_Records for the task:_
"""
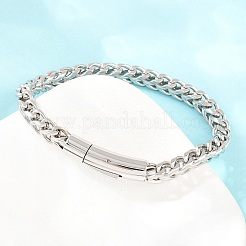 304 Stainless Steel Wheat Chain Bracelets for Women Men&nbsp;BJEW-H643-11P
"""
"""
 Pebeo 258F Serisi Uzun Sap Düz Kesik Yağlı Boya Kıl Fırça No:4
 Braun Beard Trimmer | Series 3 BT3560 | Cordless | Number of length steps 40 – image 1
"""
"""
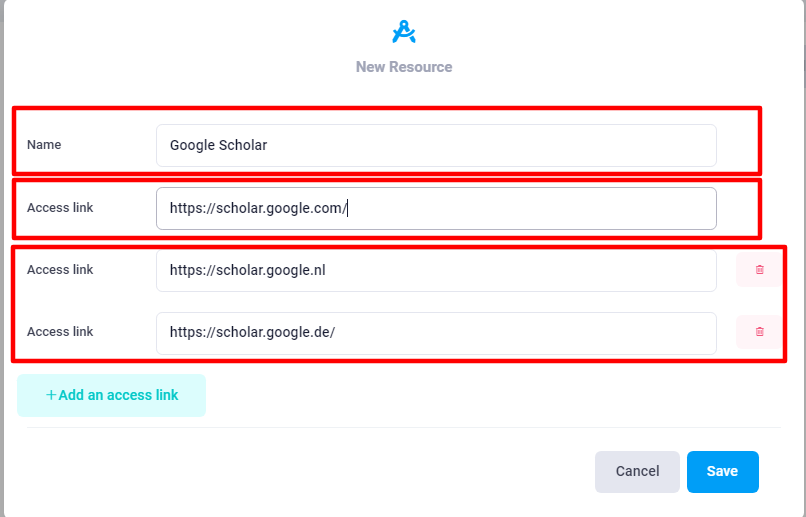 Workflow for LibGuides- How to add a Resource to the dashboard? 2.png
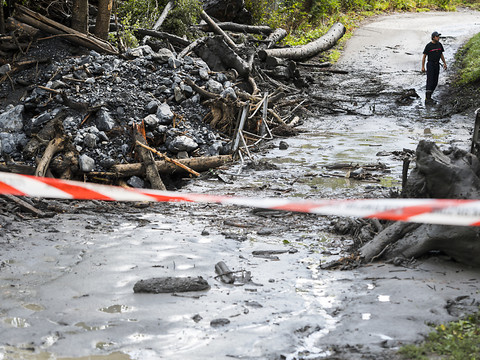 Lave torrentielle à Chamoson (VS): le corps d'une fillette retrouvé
"""
_What to produce:_
Above are records; repeat only the lines starting at the line with "Pebeo 258F Serisi" and ending at the line with "Braun Beard Trimmer", exactly as they appear, both included.

_Result:_
 Pebeo 258F Serisi Uzun Sap Düz Kesik Yağlı Boya Kıl Fırça No:4
 Braun Beard Trimmer | Series 3 BT3560 | Cordless | Number of length steps 40 – image 1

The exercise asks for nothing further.